1. Introduction
The quality of power grid image samples is crucial for the success of AI solutions within the power sector. In this field, images are widely used for the identification [
1], detection [
2], analysis, and monitoring of power grid equipment and systems [
3]. However, these images are often affected by quality issues such as noise, blurriness, and underexposure or overexposure. Image quality assessment (IQA) methods aim to assess the quality of images based on subjective human perception. According to whether an original reference image is required or not, IQA is usually categorized into full-reference IQA [
4], reduced-reference IQA [
5], and blind IQA [
6]. The scope of the FR-IQA and RR-IQA methods is limited because obtaining the original reference images is challenging in real-world applications. In contrast, BIQA methods do not require other images for reference and thus have greater application potential, but also face higher technical challenges.
Currently, BIQA methods are classified into convolutional neural network (CNN)-based methods [
7,
8] and Vision Transformer (ViT)-based methods [
9]. HyperIQA [
8] introduces a module that focuses on local distortions to capture local features, while a hyper-network is utilized to generate the parameters for the network. DEIQT [
10] uses the Transformer architecture in the encoder-decoder structure and feeds CLS tokens [
9] into the decoder, and finally outputs image quality scores. LoDa [
11] combines the advantages of CNN and Transformer by embedding local distortion features extracted by CNN into a pretrained ViT model and predicting image quality scores by CLS tokens.
As illustrated in
Figure 1, power grid images often experience significant distortions such as noise, overexposure, or underexposure. Previous methods [
8,
10,
11] have generally overlooked these specific characteristics, resulting in a decrease in quality prediction accuracy for these images.

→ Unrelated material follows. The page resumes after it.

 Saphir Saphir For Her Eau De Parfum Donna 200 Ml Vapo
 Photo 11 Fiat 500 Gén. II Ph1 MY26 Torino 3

Noise typically corresponds to high-frequency features, while exposure levels are related to image brightness. We argue that integrating these features into image quality assessment models can enhance prediction accuracy. Meanwhile, low-frequency features, which contain semantic information and various local distortion characteristics, are also essential for predicting the image quality. In addition, CNNs are effective at extracting local texture features, while ViTs can integrate global features of the image. Combining the strengths of both is crucial for improving image quality predictions in power grid applications.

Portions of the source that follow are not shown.